Time to expand the HSC winners’ circle

Dallas McInerney

Chief Executive Officer of Catholic Schools NSW

First published in The Sydney Morning Herald 22 March 2022

The marathon is the flagship event of the modern Olympics and a culmination point on the last day of competition; runners cover a gruelling 42 kilometres before entering the stadium for a single lap to the finish line. What if the television coverage ignored the race start and the first 41 kilometres, didn’t bother profiling the athletes or their backstories, forgot to mention the
qualifying events before the Games and the commentators only started talking a few minutes before the end?

We would feel let down and without the benefit of context, unable to fully celebrate the talent and effort of all runners. Thankfully for sports fans, this does not happen, but this is the approach we have for the reporting of results for the Higher School Certificate.

Presently, HSC results reporting is excessively focused on elite achievement indices (Band 6s), the connecting pathway to university entry and resulting ATARs devised by the universities. It is good to celebrate such achievement. However, as the clear majority of school-leavers do not transition directly into university, is this the type of reporting regime that best captures the breadth of the achievements of our students? Why not report HSC results in a way that is more meaningful for the way in which school-leavers will transact with the credential, such as recording post-school employment, traineeships or vocational education?

The release and publication of HSC results data are tightly controlled by legislation, a result of authorities keen to avoid repeats of the infamous reporting of Mount Druitt High’s class of 1995 HSC results. The screaming headline of “The class we failed” resulted in swift amendments to the NSW Education Act that prohibited future reporting of low-performing schools. An unintended consequence has been a massive shift in focusing (almost exclusively) on results at the top end of achievement fuelled by a publicity arms race that over-reports on the top end, leaving behind a distorted view of the HSC’s purpose, its wider utility and, critically, a huge amount of unrecognised student achievement.

The annual HSC media frenzy is the product of two related information sets: ranking data released by the schools regulator, the NSW Education Standards Authority (NESA); and proxy lists compiled by news organisations. NESA releases four categories of HSC Merit Lists: first in course, top achiever, all-rounder and distinguished achiever. Combined, this identifies only a quarter of the annual HSC cohort. Media outlets, operating within legislative constraints,
devise their own measures, both the Herald and the Daily Telegraph use a success rate measure which is the result of re-engineering public data and assigning a number and rank to a school.

Both approaches have technical limitations or distortive influences on education as discussed in new research by Catholic Schools NSW, HSC Public Reporting Reform.

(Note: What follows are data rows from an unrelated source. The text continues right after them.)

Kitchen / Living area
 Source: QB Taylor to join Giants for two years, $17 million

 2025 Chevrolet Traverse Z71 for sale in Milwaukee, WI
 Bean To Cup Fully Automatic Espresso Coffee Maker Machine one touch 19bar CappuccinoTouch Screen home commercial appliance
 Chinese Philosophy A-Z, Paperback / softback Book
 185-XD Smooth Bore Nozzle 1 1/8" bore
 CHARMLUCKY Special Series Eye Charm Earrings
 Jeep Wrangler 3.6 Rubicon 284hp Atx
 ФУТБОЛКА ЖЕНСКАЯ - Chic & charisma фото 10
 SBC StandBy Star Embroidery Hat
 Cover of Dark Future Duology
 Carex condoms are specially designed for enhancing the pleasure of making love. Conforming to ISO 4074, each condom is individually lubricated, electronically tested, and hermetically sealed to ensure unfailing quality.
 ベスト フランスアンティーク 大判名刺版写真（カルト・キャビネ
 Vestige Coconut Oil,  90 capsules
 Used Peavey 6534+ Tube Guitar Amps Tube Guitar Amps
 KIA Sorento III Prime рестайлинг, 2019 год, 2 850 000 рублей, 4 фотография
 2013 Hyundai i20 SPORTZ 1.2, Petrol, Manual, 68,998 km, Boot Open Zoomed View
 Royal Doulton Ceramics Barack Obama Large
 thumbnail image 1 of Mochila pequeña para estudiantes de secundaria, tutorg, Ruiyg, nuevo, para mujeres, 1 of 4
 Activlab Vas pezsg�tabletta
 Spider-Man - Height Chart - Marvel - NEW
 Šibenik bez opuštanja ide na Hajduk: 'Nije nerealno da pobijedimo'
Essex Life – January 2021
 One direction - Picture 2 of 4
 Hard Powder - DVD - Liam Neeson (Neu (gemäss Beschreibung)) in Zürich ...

There are serious questions that arise from a narrow and limited reporting regime that obscures the breadth of student effort and prevents recognition of the wider achievement of HSC students, including
student progression, improvements in whole school cohorts and attainment in subjects not prized by the front pages of newspapers or university deans.

Turning our schools into Band 6 factories was never envisaged by any credible educational authority, much less supported; there is already evidence of HSC subject choices privileging Band 6 calculations over more important factors such as academic suitability and longer-term career options.

Allowing more HSC students to see their hard work and results better reflected in official reporting and wider commentary can only be affirming for school-leavers and a source of encouragement for those who will follow. Such reform can be achieved while still celebrating our best and brightest, as we should, but there is room for more celebration in the HSC winners’ circle. It would be a great way to keep more students attached to their studies, encouraging investment in their futures and maintaining the currency of the HSC.